4-E como é o seu processo de criação? Existem rituais? De onde surge inspiração para escrever seus poemas, músicas, peças teatrais?

O ritual é abrir o caderno e correr a caneta. Procuro me manter atendo, digamos, com a sensibilidade ativada como que uma língua na tomada. Quanto mais trabalho, quanto mais leio e escrevo, isto é, quanto mais treino a inspiração, mais inspirado fico. Às vezes gosto de escrever até meu punho doer. Noutras, passo semanas só anotando frases, pequenas idéias para o futuro. Tanto teatro quanto poesia ou ficção me chegam desses lugares, avizinham-se nas horas da prática, querem ser uma mesma massa poética.

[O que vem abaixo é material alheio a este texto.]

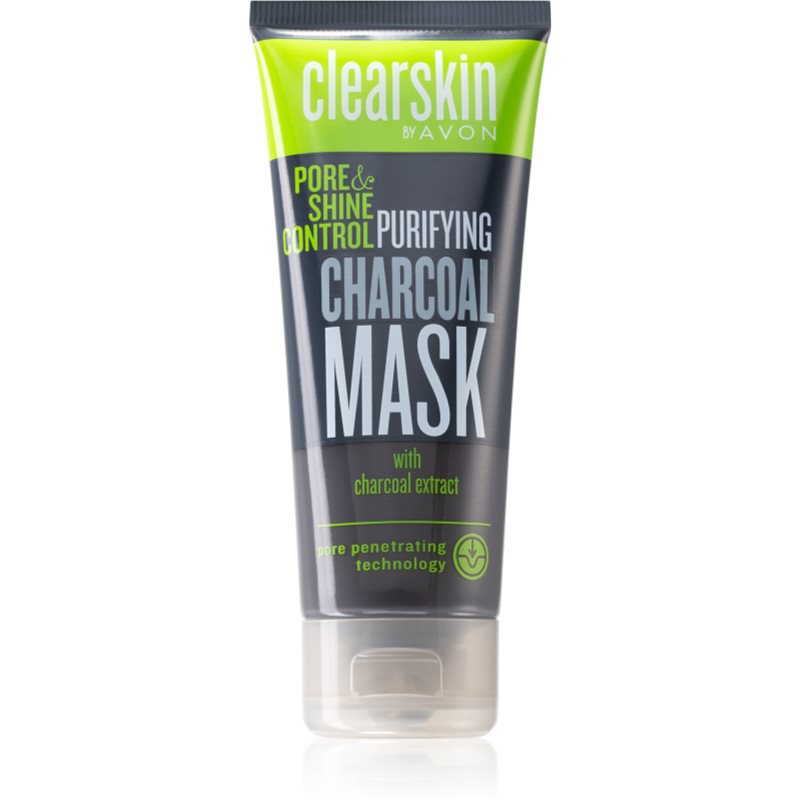 Avon Clearskin  Pore  Shine Control čistiaca maska s aktívnym uhlím 75 ml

5-Como você teve a idéia de lançar seu primeiro livro?

Eu era muito novo. Tinha alguma centena de poemas numa pastinha. Então achei que se fizesse uma boa seleção teria um livro. Para me ajudar na organização e coordenar o trabalho editorial procurei a sábia Antônia Schwinden. Conversamos demoradamente a cerca de cada poema, em sessões agradabilíssimas. Os papos me estimulavam a fazer opções, a trabalhar em alguns versos. Na época eu estava bastante influenciado por uma maneira de olhar o mundo poeticamente que tinha ecos da poesia concreta. Achava que aqueles poemas que se pretendiam musicais, feitos para batucar com a língua, cabiam nessa herança. E assim foi, permitindo-me correr certos riscos, nasceu o Fôlego.

6-Você escreveu os livros Fôlego, Tornozelos Deitados, Cecília Roendo as Unhas e Ode Mundana. Como foi o processo de produção? E qual teve maior sucesso?

Cada um dos livros acontece de maneira específica. Não há uma fórmula ou formato definido, ou até, definitivo. Tanto Tornozelos deitados quanto Cecília roendo as unhas, assim como o Pífio – monólogos dos psicotrópicos que não fazem mais efeito, são livros de bolso, feitos quase artesanalmente, com um projeto editorial bem simples, pela kafka edições baratas, selo nascido do entusiasmo de Paulo Sandrini e Fernando Koproski. Serviram um pouco como cartões de visita, como que apresentando o escritor em potencial.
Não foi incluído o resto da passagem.